Consequently, this portion of the verdict may not be disturbed.
Defendant next argues the trial court erred in excluding what defendant asserts was plaintiff's juvenile arrest card for petty theft. We do not agree.
Defendant argues the card should have been admitted because it showed that plaintiff had engaged in criminal activity. Defendant wished to use that arrest card in its argument to the jury that its article did not cast plaintiff in a false light.
The trial court refused to admit the arrest card for several reasons. In the first place, the court determined, the juvenile arrest card was irrelevant:
"Evidence that Eddie Bueno was arrested as a juvenile in 1956 is absolutely no evidence of any kind that he is a criminal."
A trial court's determination of relevancy should be accorded great deference. People v. Clary, 950 P.2d 654 (Colo.App. 1997). The minor nature of the alleged offense, the fact that it was, at most, a delinquent act (and therefore, not a crime by definition), and that it had occurred 40 years before trial, render it of no consequence to the issues in the case. CRE 401. Moreover, since plaintiff had no convictions, no reasonable person could have concluded that he was a "criminal." Thus, the trial court did not abuse its discretion in refusing to admit the card.

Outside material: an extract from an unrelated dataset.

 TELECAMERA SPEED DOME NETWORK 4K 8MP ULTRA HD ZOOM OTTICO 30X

We will not address defendant's argument concerning evidence of plaintiff's alleged arrest for a traffic offense 40 years before trial and his alleged participation in an altercation more than 40 years before trial. Defendant did not seek to admit this evidence at trial; thus, the issue was not preserved for our review. See Boatright v. Derr, 919 P.2d 221 (Colo. 1996).

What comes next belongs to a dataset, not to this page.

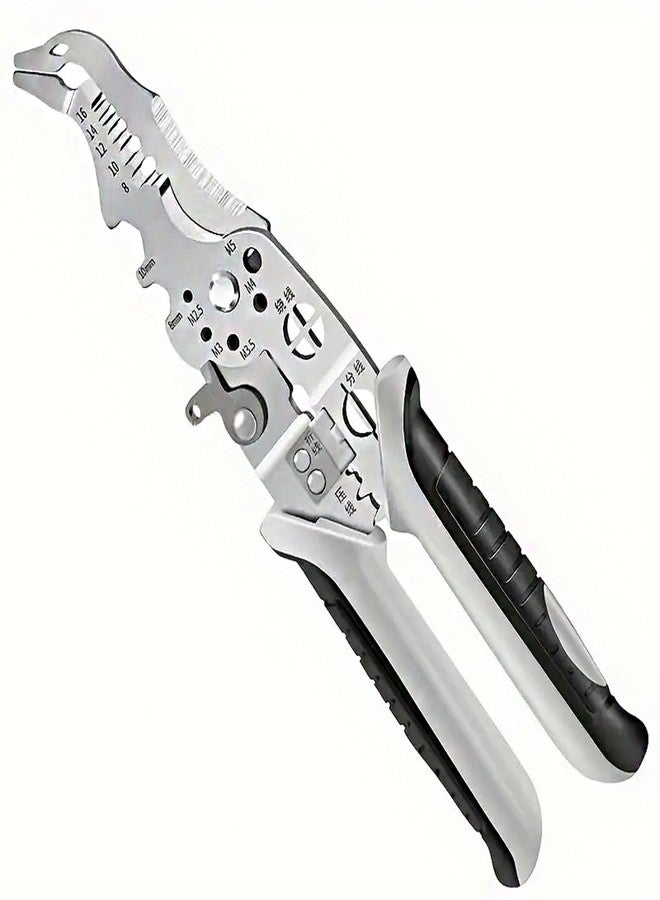 JPT أداة JPT متعددة الوظائف شديدة التحمل لتقشير وتجعيد الأسلاك - مصنوعة من فولاذ الكروم والفاناديوم، بمقبض مريح من مادة TPR، وقاطعة أسلاك كهربائية دقيقة، وأداة تجعيد أطراف الأسلاك للكهربائيين المحترفين - Image 1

For the same reason, we will not consider defendant's argument that the jury instructions were incomplete. Defendant did not raise this argument in the trial court, and we will not consider it here. Estate of Stevenson v. Hollywood Bar Café, Inc., 832 P.2d 718 (Colo. 1992).
Plaintiff has cross-appealed the trial court's judgment dismissing his defamation claim. However, he asked that we consider the issues raised in that cross-appeal only in the event we reversed the judgment on the jury's verdict. Since we are affirming that judgment, we need not consider the issues raised on cross-appeal.
JUDGE DAVIDSON and JUDGE CRISWELL concur.